# Reinforcement Learning
📗 The environment is modeled by a Markov Decision Process (MDP): \(M = \left(S, A, R, P\right)\), where \(S\) is the set of states, \(A\) is the set of actions, \(R\) is the reward function where \(R\left(s, a\right)\) is the reward from state \(s \in S\) and action \(a \in A\), and \(P\) is the transition function where \(P\left(s' | s, a\right)\) is the probability that the state becomes \(s' \in S\) given action \(a \in A\) is performed in state \(s \in S\), and \(P\left(s\right)\) is the probability that the initial state is \(s\).

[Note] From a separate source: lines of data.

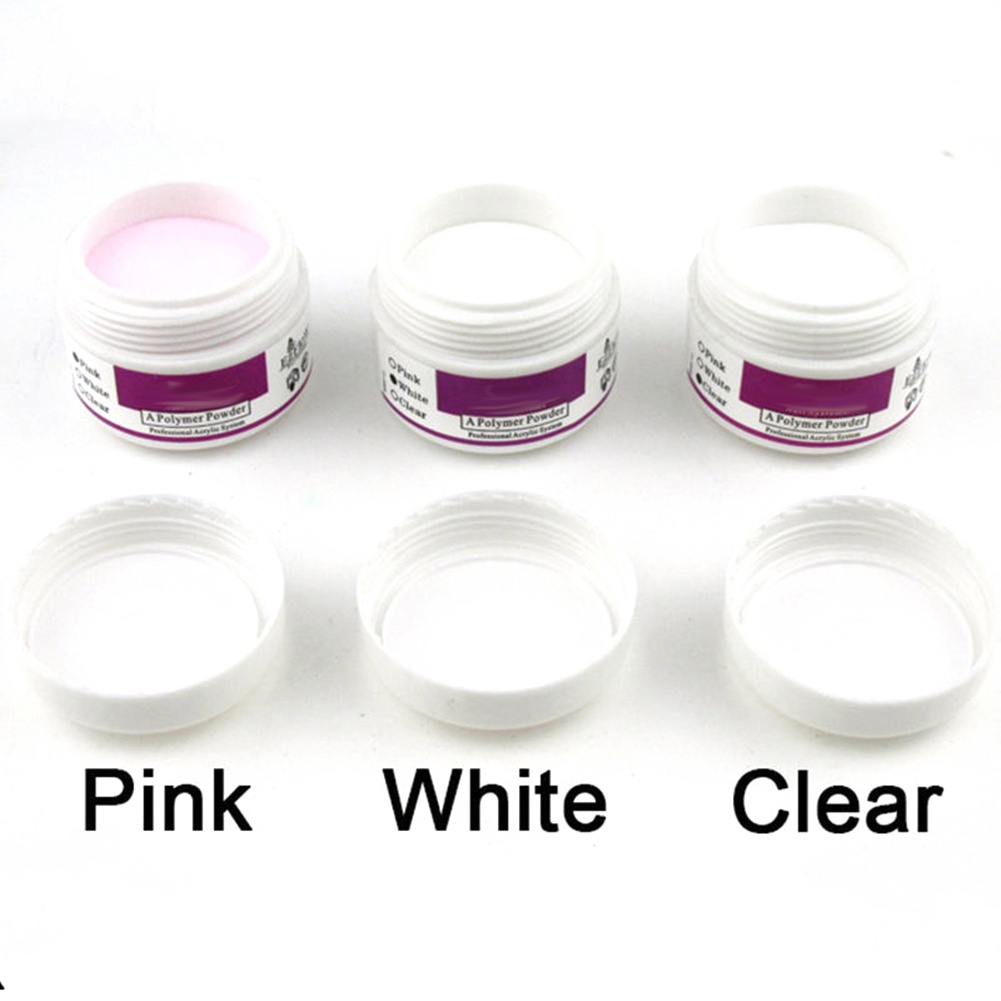 Bộ 3 Hộp Bột Acrylic Lấp Lánh Trang Trí Móng Tay Chuyên Nghiệp DIY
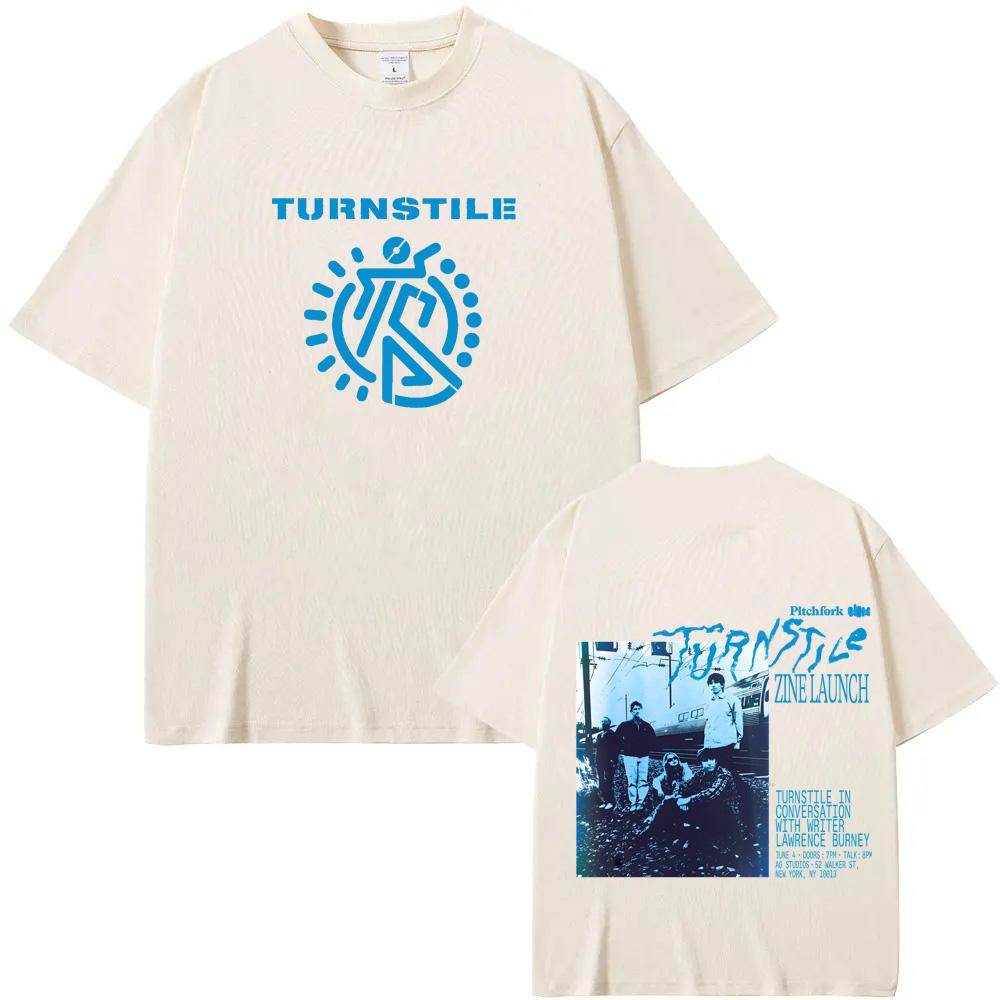 TURNSTILE Tshirts 2025 New Tour Graphic Print T-shirts Men Women Fashion Casual Rock Streetwear Short Sleeve Cotton Tops
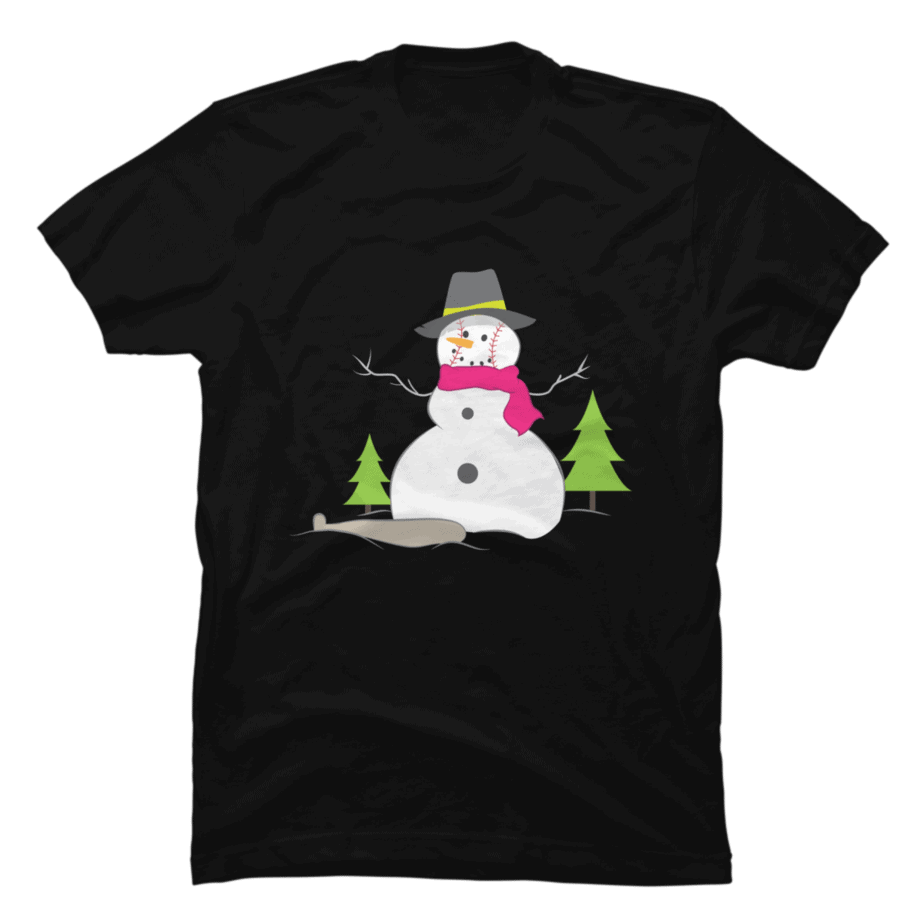 Baseball Snowman - Buy t-shirt designs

📗 The planning problem is when the agent is given the MDP and tries to find the optimal policy \(\pi\) where \(\pi\left(s\right) \in A\) is the optimal action in state \(s\).
📗 The online learning problem is when the agent does not know \(R, P\) and tries to learn the optimal \(\pi\) through interaction with \(M\). In period \(t\), an agent in state \(s_{t}\) performs an action \(a_{t}\) and obtains feedback \(r_{t}\) and the environment transitions to \(s_{t+1}\).
➭ Model-based: the agent can learn \(R, P\) and then figure out \(\pi\) through planning.
➭ Model-free: the agent can learn \(\pi\) directly without estimating \(R, P\).
📗 The offline learning problem is when the agent cannot interact with \(M\) and is only given a training data \(\left\{\left(s_{t}, a_{t}, r_{t}, s_{t+1}\right)\right\}\). The policy used to obtain the offline data can be unknown. The learning can be model-based or model-free too.